People are sharing videos across different social media sites terming recent floods in Northern Indian states as Karma for treating animals cruelly.
Yes, those recent floods, where according to reports, thousands are affected and more than hundred are dead.
First of all, by terming it as Karma, aren't you claiming the entire population as sinner? As if you are some punya atma who have never done anything wrong.
Secondly, you proclaim your devotion for Gods, yet you actually claim them so cruel to punish entire population for sins of few. You know how this sounds like? This sounds like all those fake god men and dhongi pandits who defraud people by scaring them about divine retribution.

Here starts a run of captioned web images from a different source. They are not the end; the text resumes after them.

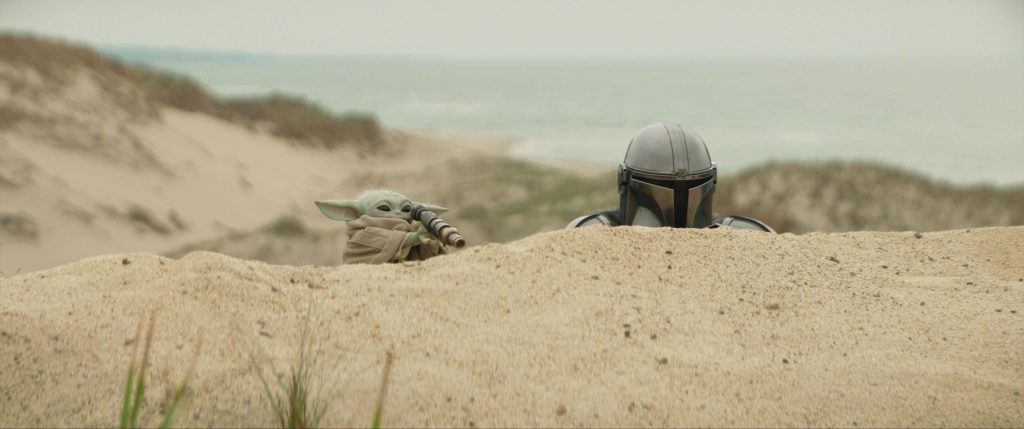 As ‘The Mandalorian and Grogu” prepare for their close-up, can ‘Star Wars’ ever feel like a big-screen event again?_6a0c68cd23af1.jpeg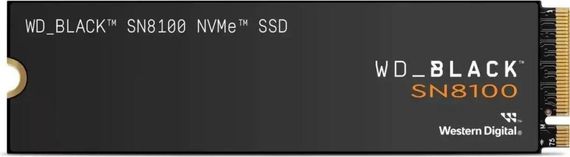SSD накопичувач WD BLACK SN8100 2 TB (WDS200T1X0M WDC) | Зображення 1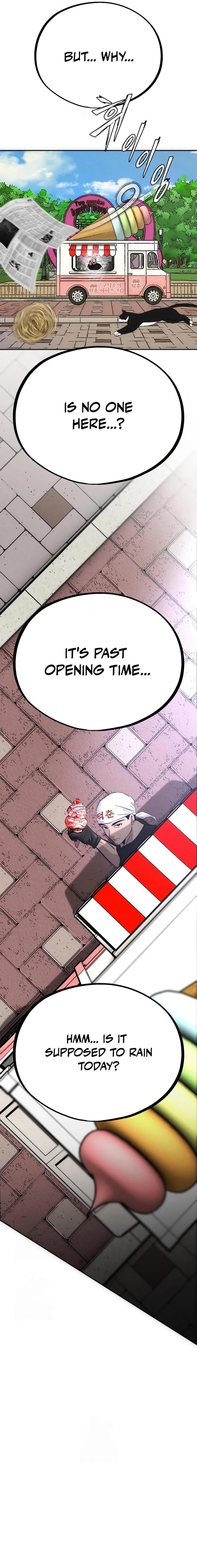 Read godeok chun's food truck Manga Online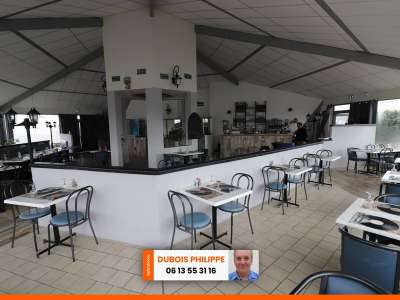 A vendre FDC restaurant limitrophe de Rochefort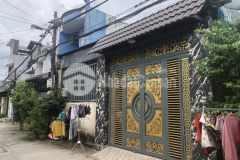 Nhà bình tân, hẻm xe tải, 6 phòng cho thuê lê đình cẩn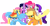 Size: 6216x3266 | Tagged: safe, artist:ejlightning007arts, derpibooru import, applejack, fluttershy, pinkie pie, rainbow dash, rarity, spike, twilight sparkle, twilight sparkle (alicorn), alicorn, dragon, earth pony, pegasus, pony, unicorn, my little pony: the movie, female, mane seven, mane six, mare, shading, simple background, transparent background, vector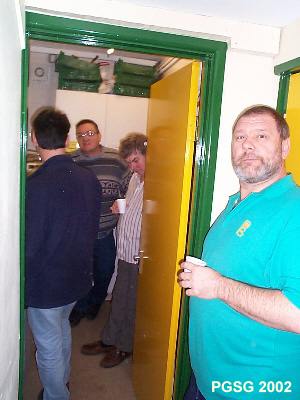 Jack and the Beanstalk 2002 - Behind the Scenes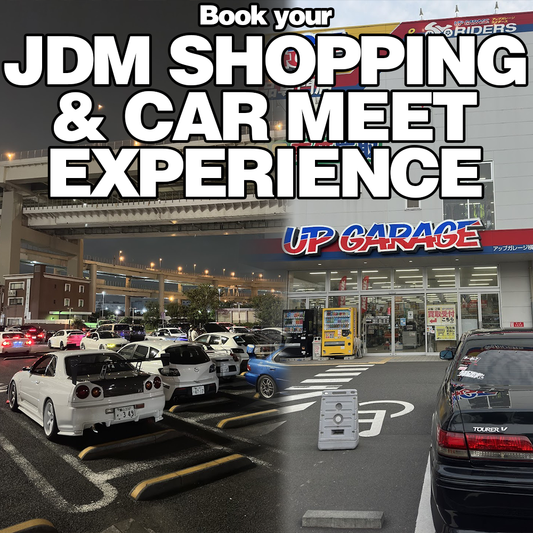 JDM Shopping and Meet Experience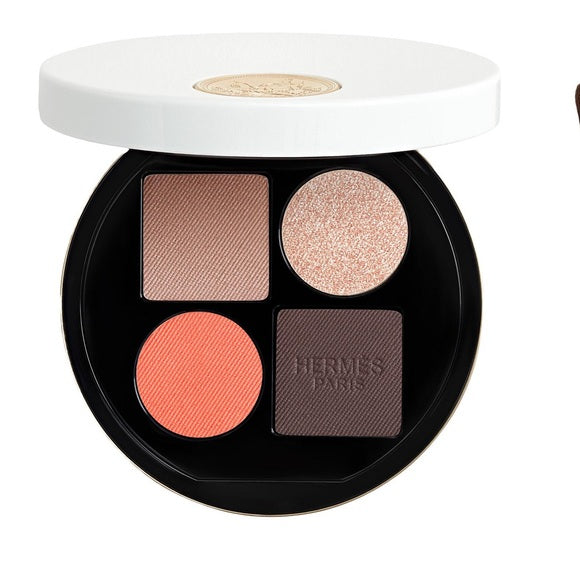 New authentic HERMÈS 03 OMBRES FAUVES OMBRES D'HERMÈS EYESHADOW PALETTE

Thirdly, even if this is their Karma, you have no right to comment on it. Only Karma you should be concerned with is your own. And trust me, you are not earning any great Karma points by mocking so many people's sufferings.
Fourthly, if you are so concerned about animal cruelty, go and do something constructive for this cause, don't mock people's hardships. This is actually ironic. These are the same people who spread hatred against celebrities terming them anti-hindu, if they give any message during Diwali about how crackers harm animals.
Finally, this is a natural disaster due to interaction between monsoon surge and western disturbance, not any divine retribution. I agree there might be some underlying causes relating to climate changes and human actions, but that doesn't mean an entire population should be termed sinners.
Please, show some sensitivity to people suffering out there, whose houses are gone, who are being displaced and who has to face death of a loved one.
P.S. - Sorry for the long rant. I am a native of a state which suffers from natural disasters every year in the form of cyclones and floods and has undergone some hardships myself during 1999 super cyclone. That video touched a sore spot with me.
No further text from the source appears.